The interesting thing is I talk to people all over the country, in every state. I'll talk to someone in Kansas and they say they want to move to Kentucky when things get bad. Then I talk to someone in Kentucky and they say they are moving to Idaho or Wyoming when things get bad. The names of the states and cities change, but what I started to realize is that people are doing what they always have. They are under the impression that the grass is always greener on the other side.
But is the grass greener? Every state has it's problems right now. Every city has it's good people and not so good people. The problems that face our country are everywhere. The grass is not greener somewhere else. Sure, there are a few places in the middle of nowhere that you may be able to hold up for a while, but you better be well armed, well trained, and well stocked. The bad guys will find you and you will have to deal with them. Many people cannot afford to "get out of Dodge". So what is the solution? Friends of like mind.
The bottom line is that most of us are not able to fund a remote retreat in the mountains stocked with five years of food, clothing, shelter, fuel and weapons. And even if we could, we may never be able to get there in a collapse because most of us need to stay were the jobs are. So the next solution is to find a group of like minded individuals with similar beliefs, similar self-reliance habits, and similar religious beliefs. Become familiar with each other by spending time together. Learn together. Worship together. Develop a "command structure" or "lines of authority" so that when things do get bad, the group is unified.
For me, this happens to be my church. For others it may be a militia group, a social club, or just a group of friends that decide to get more specific about what they would do to help each other if things get "really bad".
I will leave the topic of what "really bad" really means to another entry.
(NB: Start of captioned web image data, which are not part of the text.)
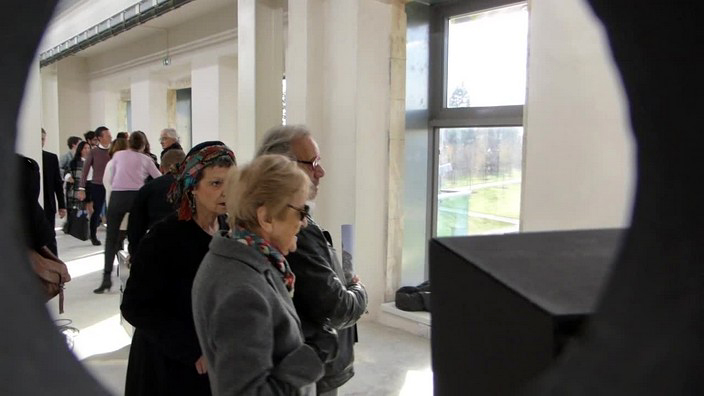 parc culturel de rentilly, marne et gondoire, xavier veilhan, seine-et-marne, frac, dove allouche, pierre bismuth, michel gondry
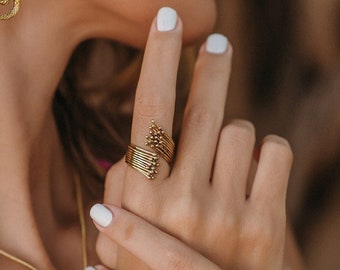 Atypical Handmade  Ring || Minimalist Adjustable Brass Ring || Original Shape Ring ||  Brass Wire Made Ring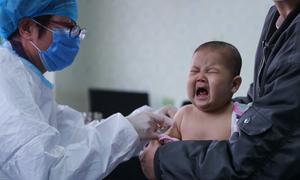 Un bebé de seis meses recibe una vacuna en un centro de salud. Las vacunas siguen siendo una de las herramientas más eficaces de la sanidad mundial para prevenir la propagación de enfermedades infecciosas mortales.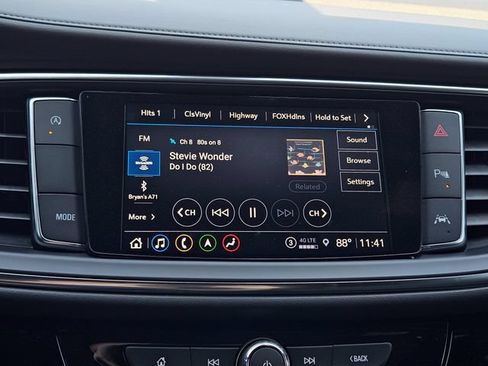 Used 2023 Buick Enclave Avenir w/ Avenir Technology Package FWD image 16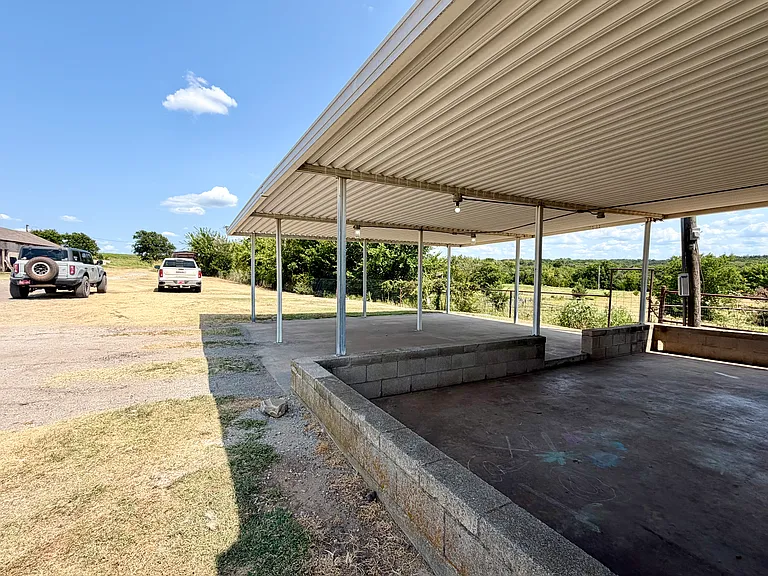 2919 W Main St — Photo 45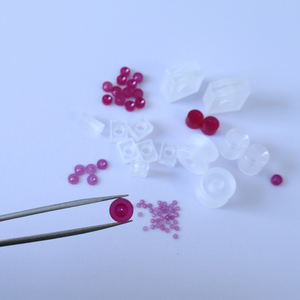 स्रोत फैक्टरी: रूबी और सैप्फायर विशेष आकार के घटकों, माइक्रोहोल निर्माण और लेजर ड्रिलिंग - Product Image 4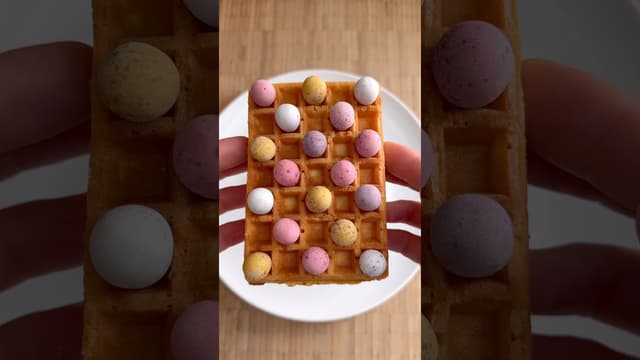 Mini eggs waffle ! 😬 - Featured Image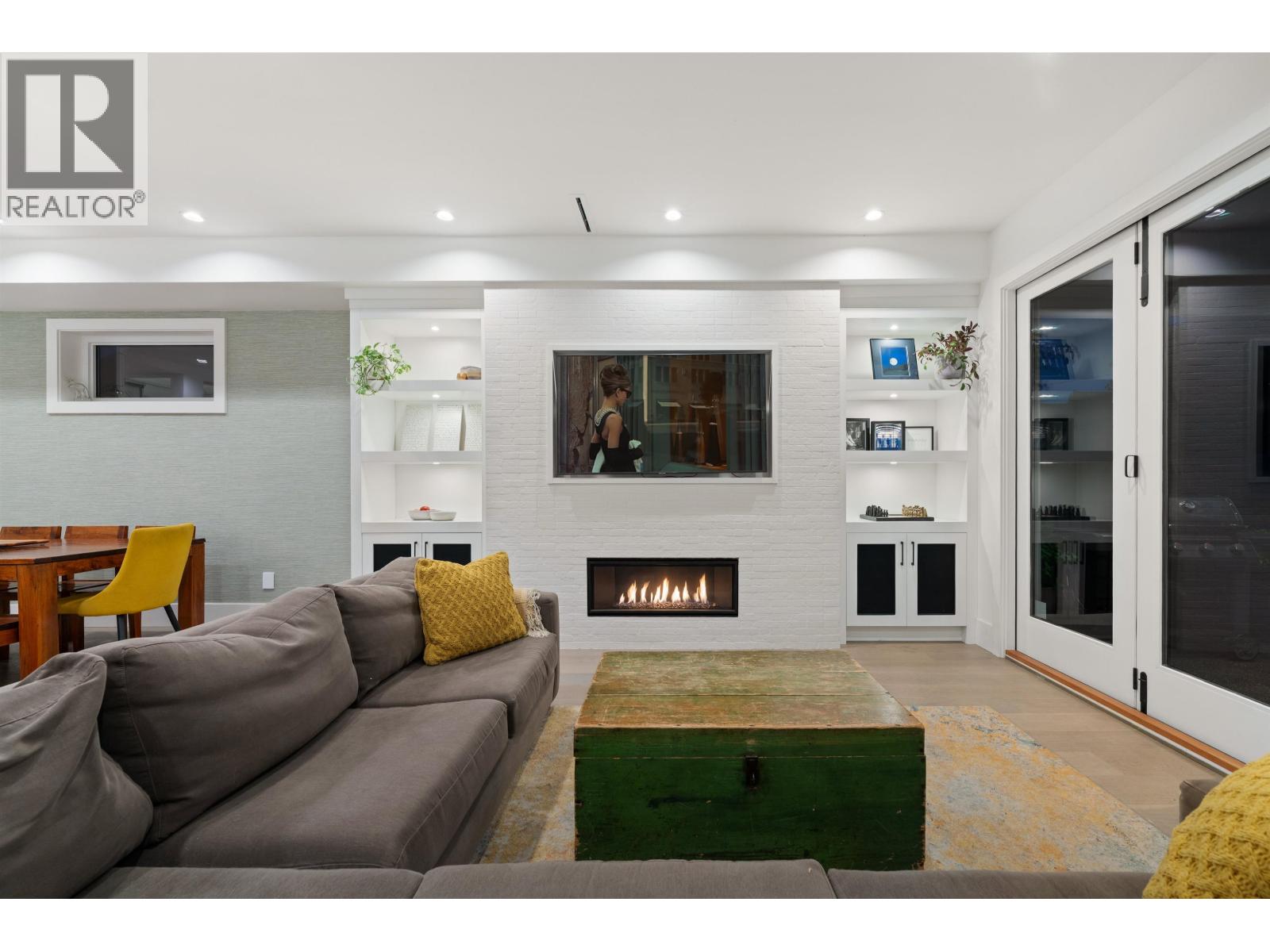 336 E KEITH ROAD, North Vancouver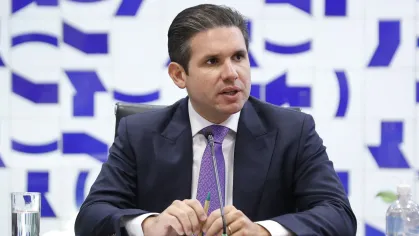 Hugo Motta convoca oposição para definir texto da anistia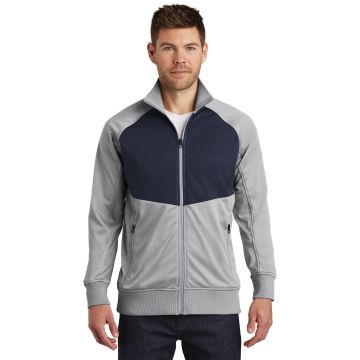 DISCONTINUED The North Face Tech Full-Zip Fleece Jacket. NF0A3SEW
The bottom line is, from time to time, we need take a look at what our situation is and adjust within the resources we have. For most of us this will mean sheltering in place and contributing to the support of a group. So don't get down on yourself if you can't afford that retreat in the high country right now. Do what you can where you are and make some friends. Grow a garden on your porch in buckets if you have to. Put square food gardening boxes on your lawn in the back yard and become more self reliant. Get three weeks of normal food and water in your house so that if something breaks out you can sit on your couch and watch people fight for food on CNN instead of being the one on TV. Once you have your three months of regular food, start putting some wheat, salt, oil, yeast, and honey away for long term storage with some kind of grinder. Find a way to make clean water. Step by step you will become more self-reliant and your confidence will increase in your ability to stay where you are until you absolutely have to leave.